Here's an inconvenient truth about the Kaitlyn Hunt case — the one in Florida where an 18-year-old faces a "lewd and lascivious battery" felony charge for having had a consensual sexual relationship with her 14-year-old girlfriend. Note that it's also routine for 18-year-olds to be charged with "L&L" for having heterosexual sex with their 14-year-old partners in Florida and across the United States, usually at the bequest of the younger person's angry parents, as happened in the Hunt case. And have their lives ruined, as Kaitlyn's appears about to be, by pleading out to theoretically "lesser" felony charges.
My first thought when I heard about the case was that it was too ridiculous to move forward in the courts, or that Kaitlyn's legal prospects couldn't possibly be as grim as her supporters made them out to be. After all, the sex was consensual. Everyone knows that high school seniors and freshman date. And really, who destroys a teenager's dream of becoming a nurse or teacher or business owner, let alone puts them on a sex offender's registry, for going out with a former classmate and high school basketball teammate? Wasn't this the kind of thing that the parents of the younger woman would drop the moment they realized that everyone was looking at them like aliens from the Planet Homophobe for going on the rampage just because their daughter likes girls in 2013?
But I was wrong. Really wrong. Kaitlyn's now ensnared in the Florida criminal justice system. And like many other 18-year-olds before her, gay and straight, she faces the same possibilities for truly deep and scarring harm.
Bruce Colton, the State Attorney for Indian River County in Florida, says that if she pleads out to the lesser felony charge of "child abuse" that he's offered, he'll recommend that she serve two years under house arrest and one year probation, and she'll be spared registering as a sex offender. As attorney Jason Cobb says:
"True, the state can offer her that plea. And if the judge withholds adjudication of guilt, she technically won't be a convicted felon. But the felony arrest for lewd and lascivious conduct and her 'no contest' plea to the lesser included offense of child abuse will always show up on any standard basic criminal background check."
In short, if Kaitlyn takes the lesser plea, Florida's penal code mandates that she'll be stuck with a record that she can never have sealed or expunged, one that could scuttle her dreams every time an employer or educational institution does a background check.
It's almost impossible to imagine that Kaitlyn's lawyer will let her go to trial. Because it doesn't matter what all of Kaitlyn's hundreds of thousands of supporters on Twitter or Facebook or Change.org think in criminal court. Kaitlyn would almost inevitably be convicted, given that she's already admitted to having sexual relations with her girlfriend, and could face up to nine years in prison. That plus a place on the sex offender registry, a true "future killer".
That's the phrase Cobb uses, and he should know: he's one of Florida's leading attorney when it comes to getting his clients, male and female, taken off of the Florida sex offender registry under the terms of the state's 2007 "Romeo and Juliet" statute – so-called because it refers to cases of consensual sex between a minor and someone within four years of their age who has no prior criminal record.
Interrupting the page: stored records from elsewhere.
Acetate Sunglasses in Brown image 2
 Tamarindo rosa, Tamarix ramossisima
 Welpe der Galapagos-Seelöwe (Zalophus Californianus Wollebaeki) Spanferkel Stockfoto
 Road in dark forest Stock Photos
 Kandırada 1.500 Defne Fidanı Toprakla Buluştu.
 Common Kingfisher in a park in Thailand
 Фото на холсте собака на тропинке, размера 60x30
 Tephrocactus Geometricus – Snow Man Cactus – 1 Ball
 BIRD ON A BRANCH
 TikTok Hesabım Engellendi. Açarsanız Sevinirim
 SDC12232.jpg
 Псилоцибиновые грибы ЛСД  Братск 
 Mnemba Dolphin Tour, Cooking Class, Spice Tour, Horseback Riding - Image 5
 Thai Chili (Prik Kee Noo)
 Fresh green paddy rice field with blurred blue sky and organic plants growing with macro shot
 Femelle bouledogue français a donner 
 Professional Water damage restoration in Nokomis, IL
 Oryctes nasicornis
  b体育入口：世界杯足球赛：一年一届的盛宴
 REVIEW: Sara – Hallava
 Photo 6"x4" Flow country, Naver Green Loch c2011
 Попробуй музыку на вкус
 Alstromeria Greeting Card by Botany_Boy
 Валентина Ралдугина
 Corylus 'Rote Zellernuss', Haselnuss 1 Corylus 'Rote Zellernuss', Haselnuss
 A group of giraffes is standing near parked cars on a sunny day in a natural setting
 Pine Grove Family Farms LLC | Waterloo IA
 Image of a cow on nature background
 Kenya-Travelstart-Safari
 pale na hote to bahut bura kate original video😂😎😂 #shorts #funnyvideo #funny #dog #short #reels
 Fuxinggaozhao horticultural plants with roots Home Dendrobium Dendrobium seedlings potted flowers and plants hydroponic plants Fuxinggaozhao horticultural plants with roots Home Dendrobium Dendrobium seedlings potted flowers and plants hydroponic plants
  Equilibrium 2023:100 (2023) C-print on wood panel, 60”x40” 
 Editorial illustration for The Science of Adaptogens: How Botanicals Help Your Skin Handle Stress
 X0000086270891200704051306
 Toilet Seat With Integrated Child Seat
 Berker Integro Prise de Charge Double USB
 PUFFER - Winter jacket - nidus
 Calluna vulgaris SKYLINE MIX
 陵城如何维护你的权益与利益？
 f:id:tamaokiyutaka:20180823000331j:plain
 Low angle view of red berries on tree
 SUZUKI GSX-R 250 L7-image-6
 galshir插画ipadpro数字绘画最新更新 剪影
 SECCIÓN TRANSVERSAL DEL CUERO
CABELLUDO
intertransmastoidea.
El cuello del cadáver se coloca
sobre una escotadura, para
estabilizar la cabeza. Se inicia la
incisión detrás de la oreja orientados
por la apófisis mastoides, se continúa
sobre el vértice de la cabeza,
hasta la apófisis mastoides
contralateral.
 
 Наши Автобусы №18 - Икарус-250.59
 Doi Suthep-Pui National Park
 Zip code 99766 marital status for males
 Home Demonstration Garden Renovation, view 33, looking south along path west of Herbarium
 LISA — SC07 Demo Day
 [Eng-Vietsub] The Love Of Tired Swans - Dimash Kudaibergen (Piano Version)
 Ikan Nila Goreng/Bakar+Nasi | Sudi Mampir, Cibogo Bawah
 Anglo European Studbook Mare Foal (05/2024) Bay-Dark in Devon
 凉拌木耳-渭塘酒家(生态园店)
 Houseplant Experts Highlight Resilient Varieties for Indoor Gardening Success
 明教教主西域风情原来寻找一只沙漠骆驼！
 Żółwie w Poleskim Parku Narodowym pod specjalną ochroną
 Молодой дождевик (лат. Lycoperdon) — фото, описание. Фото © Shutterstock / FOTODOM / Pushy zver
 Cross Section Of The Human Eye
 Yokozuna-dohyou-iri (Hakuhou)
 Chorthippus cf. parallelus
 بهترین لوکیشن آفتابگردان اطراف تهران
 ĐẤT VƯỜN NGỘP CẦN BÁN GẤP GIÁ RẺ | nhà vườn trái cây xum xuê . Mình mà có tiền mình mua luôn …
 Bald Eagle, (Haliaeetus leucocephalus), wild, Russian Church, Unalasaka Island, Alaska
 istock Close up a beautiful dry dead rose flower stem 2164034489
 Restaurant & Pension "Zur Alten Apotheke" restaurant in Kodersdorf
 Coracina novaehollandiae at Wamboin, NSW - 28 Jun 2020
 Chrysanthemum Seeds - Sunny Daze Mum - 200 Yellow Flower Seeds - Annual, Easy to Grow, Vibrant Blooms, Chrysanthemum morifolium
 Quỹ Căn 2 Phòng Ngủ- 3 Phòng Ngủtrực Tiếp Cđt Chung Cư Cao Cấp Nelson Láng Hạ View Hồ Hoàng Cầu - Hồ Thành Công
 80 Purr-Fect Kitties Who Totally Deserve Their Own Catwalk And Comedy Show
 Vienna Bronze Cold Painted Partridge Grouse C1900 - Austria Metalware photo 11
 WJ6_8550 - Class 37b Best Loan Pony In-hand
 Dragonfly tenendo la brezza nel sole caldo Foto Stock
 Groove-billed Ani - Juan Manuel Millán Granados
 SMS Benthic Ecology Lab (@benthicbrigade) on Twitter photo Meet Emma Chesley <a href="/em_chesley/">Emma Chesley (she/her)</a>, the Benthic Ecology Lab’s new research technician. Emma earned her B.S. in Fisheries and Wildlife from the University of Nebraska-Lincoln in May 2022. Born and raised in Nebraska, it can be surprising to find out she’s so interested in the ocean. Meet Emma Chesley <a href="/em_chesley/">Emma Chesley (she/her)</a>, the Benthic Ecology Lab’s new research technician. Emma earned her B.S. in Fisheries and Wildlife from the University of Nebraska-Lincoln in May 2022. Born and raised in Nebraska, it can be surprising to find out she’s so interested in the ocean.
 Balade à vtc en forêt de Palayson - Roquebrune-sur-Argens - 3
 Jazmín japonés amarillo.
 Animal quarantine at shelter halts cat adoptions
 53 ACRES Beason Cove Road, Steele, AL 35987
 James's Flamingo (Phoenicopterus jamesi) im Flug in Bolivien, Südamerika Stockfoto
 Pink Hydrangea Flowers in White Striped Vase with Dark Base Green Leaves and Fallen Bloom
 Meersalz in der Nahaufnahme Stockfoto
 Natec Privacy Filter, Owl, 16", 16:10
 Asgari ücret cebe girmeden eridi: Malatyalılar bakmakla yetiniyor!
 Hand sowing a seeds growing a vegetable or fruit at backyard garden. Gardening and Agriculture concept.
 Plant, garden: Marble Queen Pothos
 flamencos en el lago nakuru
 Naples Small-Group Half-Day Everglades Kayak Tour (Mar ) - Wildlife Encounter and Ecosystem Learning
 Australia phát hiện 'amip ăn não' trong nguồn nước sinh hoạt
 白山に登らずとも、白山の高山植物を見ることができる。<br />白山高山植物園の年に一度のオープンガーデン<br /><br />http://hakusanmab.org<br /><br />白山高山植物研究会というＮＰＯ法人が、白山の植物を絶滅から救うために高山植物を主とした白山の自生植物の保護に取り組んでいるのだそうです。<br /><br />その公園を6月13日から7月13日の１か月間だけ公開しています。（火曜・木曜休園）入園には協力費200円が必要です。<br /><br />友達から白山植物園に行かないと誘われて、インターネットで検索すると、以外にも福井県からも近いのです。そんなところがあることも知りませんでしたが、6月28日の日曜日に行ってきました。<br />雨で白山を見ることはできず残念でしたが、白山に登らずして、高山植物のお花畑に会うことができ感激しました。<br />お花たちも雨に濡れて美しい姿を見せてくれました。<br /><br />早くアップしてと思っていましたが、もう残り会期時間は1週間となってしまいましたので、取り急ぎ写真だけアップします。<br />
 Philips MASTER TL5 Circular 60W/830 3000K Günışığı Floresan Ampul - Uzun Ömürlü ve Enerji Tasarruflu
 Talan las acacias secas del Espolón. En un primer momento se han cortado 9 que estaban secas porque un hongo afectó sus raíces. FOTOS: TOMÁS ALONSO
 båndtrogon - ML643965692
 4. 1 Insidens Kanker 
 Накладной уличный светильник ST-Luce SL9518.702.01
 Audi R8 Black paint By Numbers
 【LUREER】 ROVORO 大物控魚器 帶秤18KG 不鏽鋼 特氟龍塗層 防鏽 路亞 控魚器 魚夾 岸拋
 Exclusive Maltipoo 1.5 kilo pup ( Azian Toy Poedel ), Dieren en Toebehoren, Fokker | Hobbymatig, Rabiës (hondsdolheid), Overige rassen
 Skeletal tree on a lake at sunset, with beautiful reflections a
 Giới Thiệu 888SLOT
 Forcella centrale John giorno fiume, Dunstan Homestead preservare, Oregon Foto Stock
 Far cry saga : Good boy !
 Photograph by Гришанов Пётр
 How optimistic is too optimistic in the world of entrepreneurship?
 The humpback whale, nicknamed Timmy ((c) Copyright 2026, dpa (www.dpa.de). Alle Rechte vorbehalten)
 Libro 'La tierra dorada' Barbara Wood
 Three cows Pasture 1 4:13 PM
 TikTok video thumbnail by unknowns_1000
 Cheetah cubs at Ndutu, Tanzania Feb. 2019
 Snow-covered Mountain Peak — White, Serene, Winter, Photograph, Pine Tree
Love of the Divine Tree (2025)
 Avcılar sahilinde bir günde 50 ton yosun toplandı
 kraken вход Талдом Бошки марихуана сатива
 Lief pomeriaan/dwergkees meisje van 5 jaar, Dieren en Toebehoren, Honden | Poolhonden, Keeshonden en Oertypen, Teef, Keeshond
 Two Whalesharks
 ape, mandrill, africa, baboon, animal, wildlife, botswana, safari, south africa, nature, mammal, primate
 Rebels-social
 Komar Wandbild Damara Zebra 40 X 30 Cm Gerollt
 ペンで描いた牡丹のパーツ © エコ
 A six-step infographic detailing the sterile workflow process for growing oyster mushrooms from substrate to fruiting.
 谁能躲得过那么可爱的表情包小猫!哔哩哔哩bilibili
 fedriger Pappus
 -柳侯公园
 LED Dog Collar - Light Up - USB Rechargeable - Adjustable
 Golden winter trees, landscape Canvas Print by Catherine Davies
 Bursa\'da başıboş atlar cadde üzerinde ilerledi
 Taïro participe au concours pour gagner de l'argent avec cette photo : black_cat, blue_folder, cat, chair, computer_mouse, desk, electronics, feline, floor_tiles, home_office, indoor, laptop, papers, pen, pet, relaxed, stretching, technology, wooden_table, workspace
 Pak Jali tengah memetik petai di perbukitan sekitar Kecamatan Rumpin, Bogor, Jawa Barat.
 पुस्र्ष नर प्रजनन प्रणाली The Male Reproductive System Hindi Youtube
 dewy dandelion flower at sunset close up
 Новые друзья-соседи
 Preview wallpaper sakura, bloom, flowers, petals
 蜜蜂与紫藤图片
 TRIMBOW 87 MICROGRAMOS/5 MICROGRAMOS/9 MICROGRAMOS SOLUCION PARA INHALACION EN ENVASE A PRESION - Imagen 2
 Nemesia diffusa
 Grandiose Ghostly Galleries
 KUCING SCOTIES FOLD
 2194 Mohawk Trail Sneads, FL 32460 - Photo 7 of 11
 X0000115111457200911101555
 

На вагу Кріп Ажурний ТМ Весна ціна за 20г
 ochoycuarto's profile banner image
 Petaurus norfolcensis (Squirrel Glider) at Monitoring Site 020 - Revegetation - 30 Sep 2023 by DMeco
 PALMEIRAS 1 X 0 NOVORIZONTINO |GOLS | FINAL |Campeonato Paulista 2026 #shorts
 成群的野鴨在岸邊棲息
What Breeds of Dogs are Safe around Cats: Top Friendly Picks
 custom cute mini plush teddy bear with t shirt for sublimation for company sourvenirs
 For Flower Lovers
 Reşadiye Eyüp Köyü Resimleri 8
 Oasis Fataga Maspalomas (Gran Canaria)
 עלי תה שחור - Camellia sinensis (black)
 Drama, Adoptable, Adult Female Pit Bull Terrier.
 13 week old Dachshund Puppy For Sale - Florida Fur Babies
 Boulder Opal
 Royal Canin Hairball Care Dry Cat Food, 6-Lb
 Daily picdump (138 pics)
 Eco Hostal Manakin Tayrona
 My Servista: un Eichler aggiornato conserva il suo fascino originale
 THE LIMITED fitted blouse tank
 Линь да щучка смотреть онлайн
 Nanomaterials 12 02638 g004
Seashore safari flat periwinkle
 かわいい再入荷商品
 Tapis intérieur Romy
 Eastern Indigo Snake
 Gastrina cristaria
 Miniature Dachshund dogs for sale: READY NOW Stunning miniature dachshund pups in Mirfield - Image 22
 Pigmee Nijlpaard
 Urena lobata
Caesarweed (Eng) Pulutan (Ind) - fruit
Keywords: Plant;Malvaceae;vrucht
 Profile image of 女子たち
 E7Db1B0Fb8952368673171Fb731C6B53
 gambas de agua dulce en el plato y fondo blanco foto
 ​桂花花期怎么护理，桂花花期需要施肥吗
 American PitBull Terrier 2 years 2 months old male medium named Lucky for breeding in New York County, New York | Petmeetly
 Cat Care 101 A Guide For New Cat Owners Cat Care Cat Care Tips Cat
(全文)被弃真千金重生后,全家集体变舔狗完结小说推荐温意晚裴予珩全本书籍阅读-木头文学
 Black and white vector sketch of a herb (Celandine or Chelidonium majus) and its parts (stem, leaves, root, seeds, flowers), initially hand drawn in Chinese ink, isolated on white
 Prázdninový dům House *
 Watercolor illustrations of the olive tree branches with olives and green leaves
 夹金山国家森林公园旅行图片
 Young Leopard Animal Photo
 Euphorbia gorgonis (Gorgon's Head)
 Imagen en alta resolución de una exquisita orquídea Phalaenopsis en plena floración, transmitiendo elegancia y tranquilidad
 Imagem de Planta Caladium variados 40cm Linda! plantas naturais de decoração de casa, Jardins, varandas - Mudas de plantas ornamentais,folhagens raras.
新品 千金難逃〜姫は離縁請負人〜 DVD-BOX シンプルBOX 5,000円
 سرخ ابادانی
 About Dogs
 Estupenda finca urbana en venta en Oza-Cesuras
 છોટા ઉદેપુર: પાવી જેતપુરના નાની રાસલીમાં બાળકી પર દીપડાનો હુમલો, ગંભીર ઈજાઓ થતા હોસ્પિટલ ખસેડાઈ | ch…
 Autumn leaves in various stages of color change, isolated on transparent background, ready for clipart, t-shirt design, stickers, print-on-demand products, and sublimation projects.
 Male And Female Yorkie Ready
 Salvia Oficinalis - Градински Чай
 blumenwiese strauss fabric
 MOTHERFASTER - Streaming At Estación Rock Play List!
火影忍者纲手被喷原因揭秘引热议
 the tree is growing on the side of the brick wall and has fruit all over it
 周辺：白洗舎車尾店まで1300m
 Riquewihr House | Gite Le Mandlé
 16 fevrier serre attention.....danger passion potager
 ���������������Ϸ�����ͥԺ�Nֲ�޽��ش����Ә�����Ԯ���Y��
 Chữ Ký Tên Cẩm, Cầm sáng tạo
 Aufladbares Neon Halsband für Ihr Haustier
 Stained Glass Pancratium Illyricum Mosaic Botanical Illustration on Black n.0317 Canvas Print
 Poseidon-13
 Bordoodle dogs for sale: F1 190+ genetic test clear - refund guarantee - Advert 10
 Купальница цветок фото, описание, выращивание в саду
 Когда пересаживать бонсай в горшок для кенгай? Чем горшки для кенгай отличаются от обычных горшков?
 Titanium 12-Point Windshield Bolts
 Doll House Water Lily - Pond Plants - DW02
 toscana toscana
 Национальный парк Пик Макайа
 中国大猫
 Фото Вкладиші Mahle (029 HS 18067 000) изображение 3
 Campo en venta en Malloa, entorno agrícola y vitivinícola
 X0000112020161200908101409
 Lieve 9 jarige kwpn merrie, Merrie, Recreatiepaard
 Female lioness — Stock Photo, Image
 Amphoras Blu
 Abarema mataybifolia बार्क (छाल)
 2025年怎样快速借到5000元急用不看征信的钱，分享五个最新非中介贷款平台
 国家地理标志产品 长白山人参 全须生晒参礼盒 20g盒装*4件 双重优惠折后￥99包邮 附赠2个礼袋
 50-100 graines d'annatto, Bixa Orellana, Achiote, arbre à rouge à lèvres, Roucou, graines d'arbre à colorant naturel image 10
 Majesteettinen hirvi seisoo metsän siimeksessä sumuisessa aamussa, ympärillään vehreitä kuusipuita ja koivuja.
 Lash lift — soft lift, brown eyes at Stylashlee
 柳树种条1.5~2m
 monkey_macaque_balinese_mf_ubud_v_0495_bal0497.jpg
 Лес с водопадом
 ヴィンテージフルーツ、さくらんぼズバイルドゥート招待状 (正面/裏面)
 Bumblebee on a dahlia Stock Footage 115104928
Of the 241 names that have been removed in the past six years, Cobb has represented 40. And of those cases, he said, "70% involve 18-year-olds who have had sex with 14-or 15-year-olds".
The only chance that all of this will go away entirely, leaving Kaitlyn with a clean record, is if Colton drops all charges. And the chances of Colton, an elected official, doing that are virtually nil. Not with Kaitlyn's admission of guilt and the younger girlfriend's parents adamant that Kaitlyn "be held responsible in some way".
Beneath this tragedy is a structural flaw. As Laura Lindberg, a senior research associate for the Guttmacher Institute said:
"My heart goes out to any High School principal trying to monitor or even educate their students about this issue. Because we're partly responsible for this: when we put students ages 14 to 18 together in the same educational setting, it's short sighted of us to be shocked by the outcome. What's legal in the fall, when you're 17-years-old may not be legal in the spring when you turn 18."
The story of Kaitlyn Hunt and other young people like her is a story about the utter inability of this country's adults to come to grips with adolescent sexuality in ways that do something other than criminalize it. And how utterly shortchanged our youth are by our failure.